I am curious about the statement made at the bottom of the first page in this text regarding the $R^2_\mathrm{adjusted}$ adjustment
$$R^2_\mathrm{adjusted} =1-(1-R^2)\left({\frac{n-1}{n-m-1}}\right).$$
The text states:
The logic of the adjustment is the following: in ordinary multiple regression, a random predictor explains on average a proportion $1/(n – 1)$ of the response’s variation, so that $m$ random predictors explain together, on average, $m/(n – 1)$ of the response’s variation; in other words, the expected value of $R^2$ is $\mathbb{E}(R^2) = m/(n – 1)$. Applying the [$R^2_\mathrm{adjusted}$] formula to that value, where all predictors are random, gives $R^2_\mathrm{adjusted} = 0$."
This seems to be a very simple and interpretable motivation for $R^2_\mathrm{adjusted}$. However, I have not been able to work out that $\mathbb{E}(R^2)=1/(n – 1)$ for single random (i.e. uncorrelated) predictor.

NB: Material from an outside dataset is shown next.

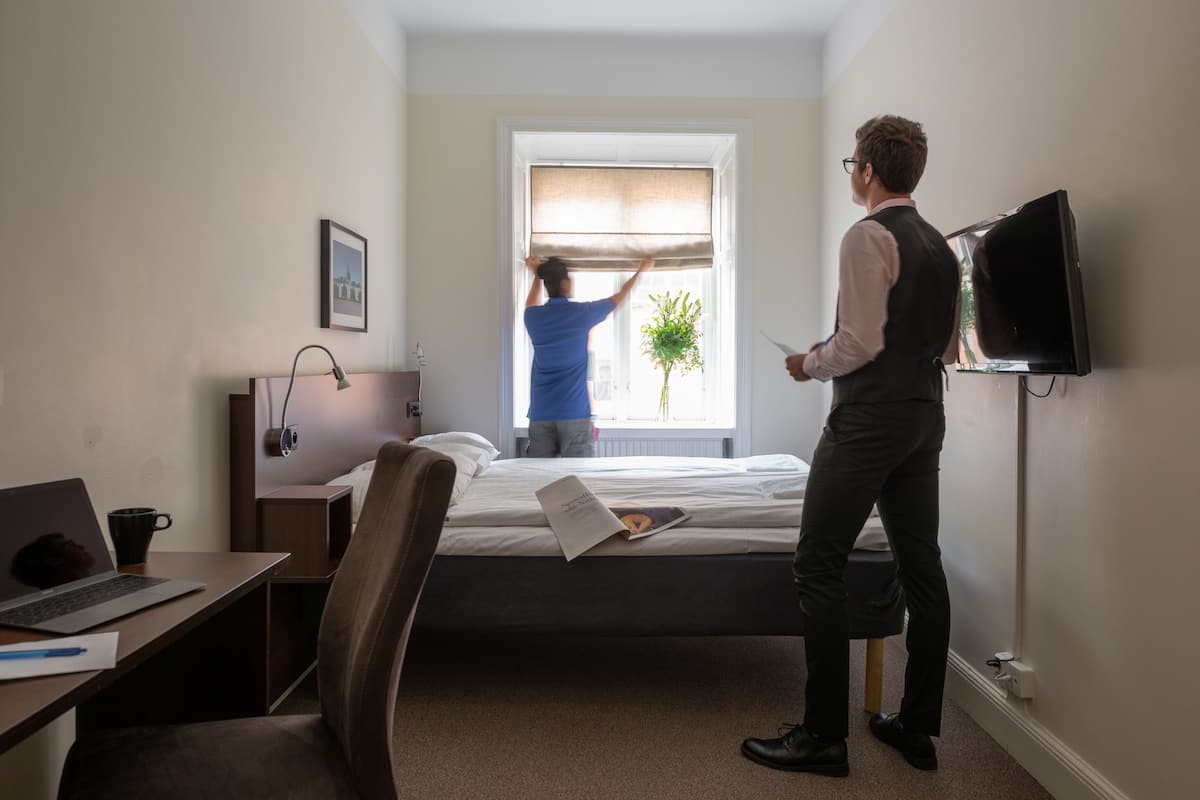Habitación de hotel con cama, escritorio con computadora portátil, silla, televisor montado en la pared y ventana con vistas al exterior.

Could someone point me in the right direction here?
Best Answer
This is accurate mathematical statistics. See this post for the derivation of the distribution of $R^2$ under the hypothesis that all regressors (bar the constant term) are uncorrelated with the dependent variable ("random predictors").
This distribution is a Beta, with $m$ being the number of predictors without counting the constant term, and $n$ the sample size,
$$R^2 \sim Beta\left (\frac {m}{2}, \frac {n-m-1}{2}\right)$$
and so
$$E(R^2) = \frac {m/2}{(m/2)+[(n-m-1)/2]} = \frac{m}{n-1}$$
This appears to be a clever way to "justify" the logic behind the adjusted $R^2$: if indeed all regressors are uncorrelated, then the adjusted $R^2$ is "on average" zero.